A colleague recently told me of how badly his last one year had gone. He summarized it saying “I did so much in the last 12 months, that I can’t even talk about what I did anymore”.

It wasn’t that he didn’t do anything worthwhile – rather, he’d tried his best to save a project that was going haywire, and had stuck on despite adversities of all kinds and amidst colleagues who were quitting because they couldn’t handle the stress. His problem was that whatever he’d done in the last year weren’t his real responsibilities. He’d done whatever came across his table because there were many people who relied on him and he believed he had to plug the leaks in a sinking boat.

As I heard him out, a word crossed my mind: Endurance. And for a few moments, I wondered if I had the mettle to go through what he had, and whether I’d have survived like he did.
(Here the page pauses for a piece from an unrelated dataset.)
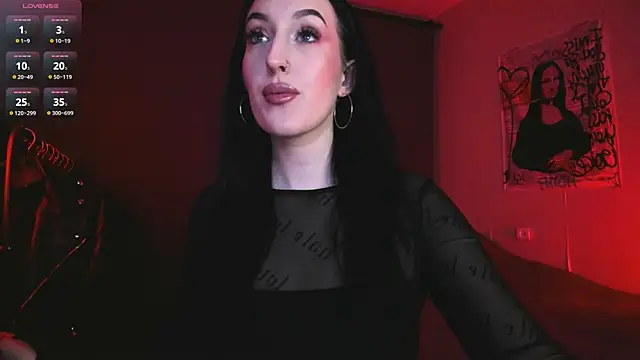 Snapshot of Miss_Alice__ chatting on 02-13-25, 12:35 Miss Alice online show from 02-13-25, 12:35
So yes, the year had been stressful for him and he’d probably hated each minute of doing what he didn’t want to do but had to. He also probably couldn’t put any concrete learning on his resume because it was difficult to articulate the situation, and a lot of what he did eventually to save it, didn’t gel with the rest of his profile.

Besides, “key expertise in fire-fighting” doesn’t look quite good on an IT resume :|.

But (I think) he could probably discover the benefits of the experience much later, provided he acknowledged it – acknowledged and understood that he had, over the year of immense stress, built his capacity to endure.

Life throws us a lot of opportunities to build aspects of ourselves. I often relate this process to constructing a building. We’re busy constructing the building that is us and while we’re at it, it helps to consciously take time to build in favorable characteristics into our structure – characteristics such as reliability, sturdiness, capability to weather difficult climes and (obviously) a rock-solid foundation.

A while ago, I wrote about the Patience Muscle. Endurance is an organ.

You create it over time through adversities and it becomes part of your body. And once it is in you, you can acknowledge it’s presence and breathe through difficult times.

Because you know you’ve been through worse and you’ve come out through it and you have survived. Because your endurance organ stretches and scales. And because your first baby steps in enduring and developing endurance will eventually help you sprint up the steepest slopes.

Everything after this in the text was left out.